Amazon AWS came out with Aurora in 2016 as a MySQL service that provided automated features for Read Replicas (a way to scale a database), automated backups and more. We were a Beta Test site for the service and were one of the early adopters when we moved to Aurora in 2016 (with zero downtime). What Aurora has meant to us and our users is a faster site that is more reliable and scalable to meet large demands. It has also lowered our cost of maintenance and support for the database tier.
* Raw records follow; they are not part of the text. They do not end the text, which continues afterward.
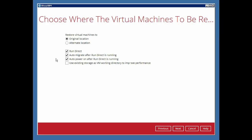And finally, to improve the performance of the restored VM before it is migrated back to its original data store, enable the Use Existing Storage as Working Directory checkbox. Click Next to continue.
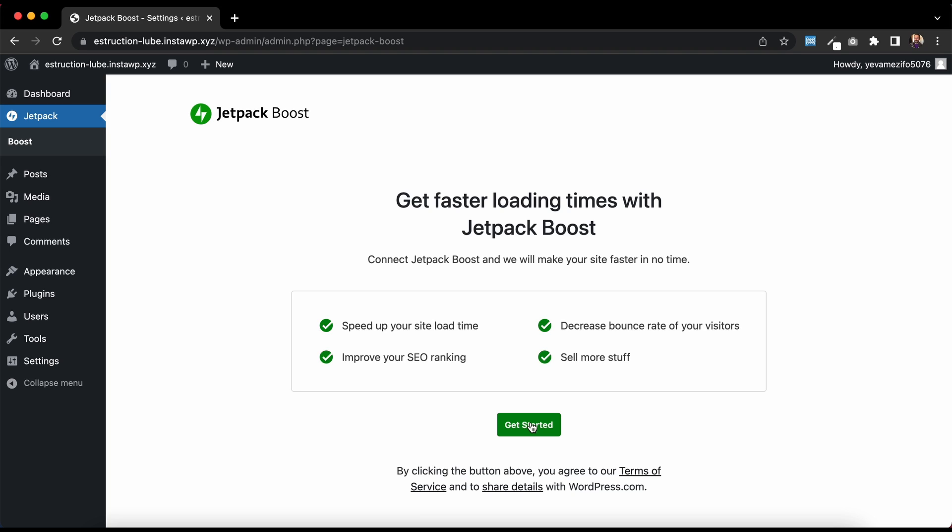Jetpack Boost will start speeding up your website. And this is important because a faster website gets higher SEO rankings, and a faster website will mean your visitors stay on your page for longer, and they'll be faster through your checkout if you have a WooCommerce store.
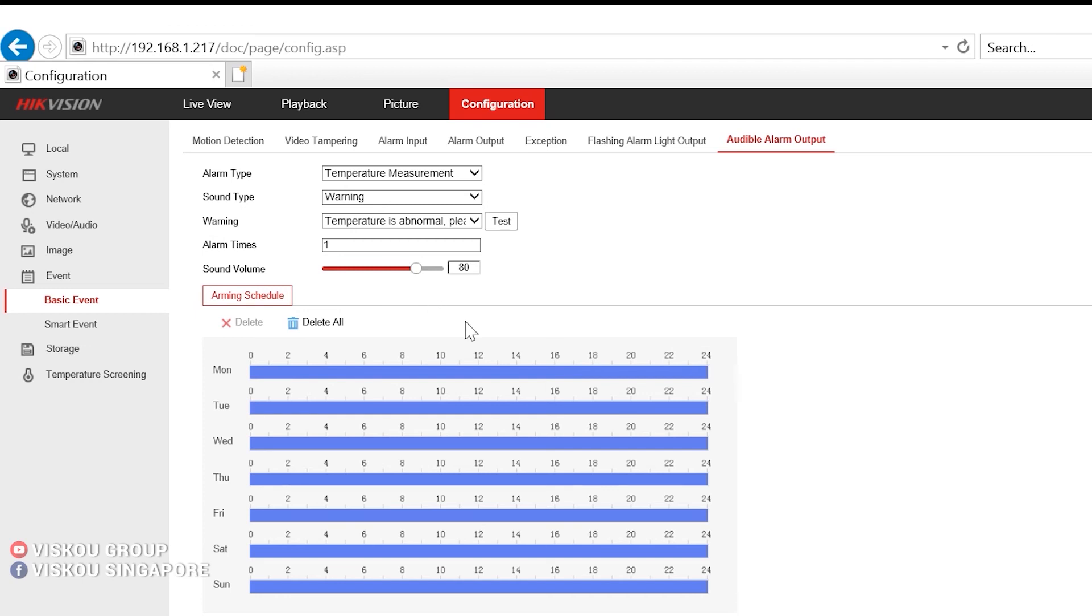And also you can set the alarm times and also the sound volume. So you must also set a schedule for this alarm output.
We run a main database with a read replica and a shard database that also has a read replica. The read replicas allow us to failover automatically in the event of a database server problem. We also have a high speed caching layer in front of the databases to reduce the potential of the database being a bottleneck and to speed our site. Here is a diagram of our system:

Why are we Upgrading?

Amazon AWS will sunset support for security and maintenance updates to Aurora 1 in 2023. We want to be ahead of that to ensure our users of high quality and secure operations. If you have other vendors using Amazon, they are likely using Aurora and we recommend you ask them their timelines for migration.

We have continually invested in our infrastructure, constantly learning and improving. We also share our availability investments and failures publicly on this blog hoping to educate ourselves and our customers and even share lessons learned with competitors.
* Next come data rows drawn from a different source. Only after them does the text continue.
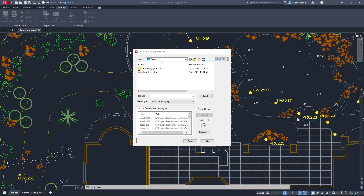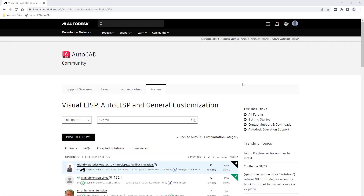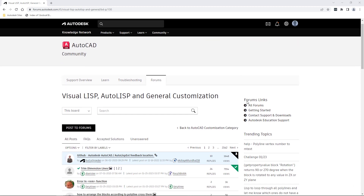AutoCAD LT now includes AutoLISP. AutoLISP allows for the streamlining of workflows and enforcement of CAD standards through automation. Thousands of previously written programs can be leveraged.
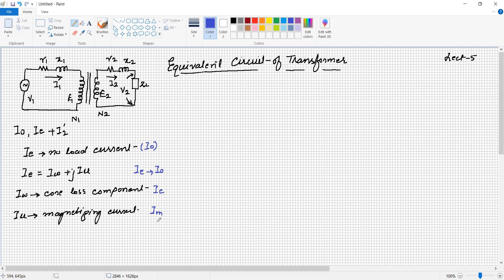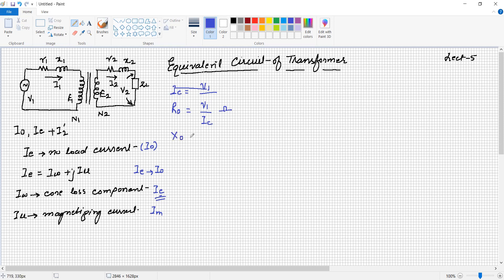The core loss component and magnetizing current are shunt currents. The core loss component is represented by a resistance, because it represents losses. The magnetizing component is represented by a reactance. These are in a parallel branch. So R0, the core loss resistance, equals V1 divided by Ic in ohms. Similarly, the reactance X0 equals V1 divided by I-mu in ohms. It may also be written as Rc or Rm — there is no problem in notation.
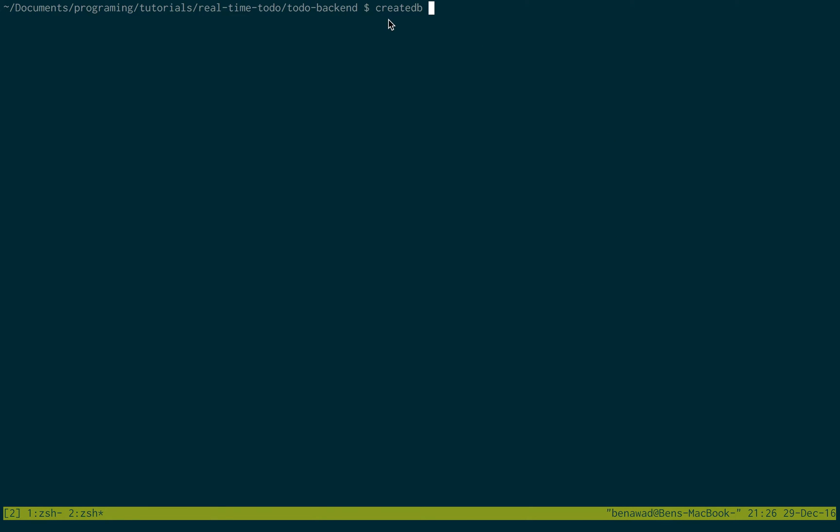It tells me create a database called to-do backend. So I can use this command called createDB, and when you install PostgreSQL, it installs this application for you, command line. And then I'm just going to do to-do backend, hit enter, and it creates a database for me.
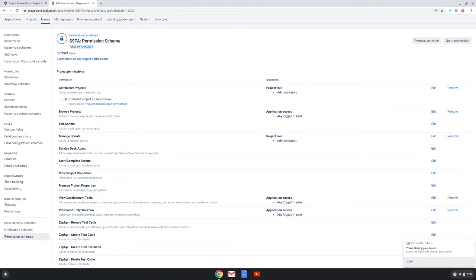First, using roles empowers the project admin to decide who will have certain permissions in their project, because the project admin has control over who are in the roles in their project.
We have been lucky to have talented people at RunSignup to continue to upgrade our infrastructure. The combination of people, design and leveraging Amazon’s capabilities has given us a remarkable record of only 4 minutes of system impact since 2015. The one occurrence was a release of a new feature that impacted the system and it took us 4 minutes to see the error and rollback the system. We average about 2,000 releases of our software per year.

We applaud Eventbrite for also sharing their issues publicly and some of their newfound statements of wanting to invest back into their infrastructure after apparently not doing that for some time. In the blog link above they state it will take 3 years, and they are about 1 year into it and still seeing many issues that they share on their Twitter Status Page, which we are sure is frustrating to users and Eventbrite:

We wish all platform companies would be open about their efforts to make their systems secure and reliable like Eventbrite and RunSignup.

Upgrade Process Details

Doing an upgrade of a major system component is always risky, and we want to minimize that risk. Our CTO Stephen and Founder Bob have a side company, ZipCodeAPI.com. This past weekend Stephen did a practice run of doing an upgrade on that system and the good news is that it went well.
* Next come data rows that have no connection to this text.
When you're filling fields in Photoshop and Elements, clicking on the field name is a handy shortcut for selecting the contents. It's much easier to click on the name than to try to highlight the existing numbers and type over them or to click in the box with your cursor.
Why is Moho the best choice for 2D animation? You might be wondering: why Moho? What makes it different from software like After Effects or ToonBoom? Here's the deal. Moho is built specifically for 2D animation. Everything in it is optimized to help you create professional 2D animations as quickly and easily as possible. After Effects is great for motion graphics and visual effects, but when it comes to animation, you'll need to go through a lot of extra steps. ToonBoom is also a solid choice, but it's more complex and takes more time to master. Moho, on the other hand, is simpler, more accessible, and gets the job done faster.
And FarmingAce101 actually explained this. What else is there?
For the RunSignup system, we plan on adding some additional automation to make the transition as fast as possible and also to assure avoidance of manual errors. We will do an upgrade in our test environment first. Then we will do an upgrade of the Shard Database on production. Data in the Shard is typically non-critical and should not cause any real problems. Then we will do the primary database. For each of these, what we will do is the following steps:

  • Create a replica clone in Aurora 1
  • Upgrade the replicated clone to Aurora 2
  • During the upgrade, there are not updates, so we will need to resync to the point of the clone
  • Then create a replica of the Aurora 2 clone
  • Stop Writes to the main Aurora 1 database for about 10 seconds to ensure replication of all data to the new Aurora 2 databases.
  • Switch the database pointers to the Aurora 2 instances. At this point we will be back to normal operations if all goes well.

As you can see, this may take less than a minute of impact to the system. Keep your fingers crossed!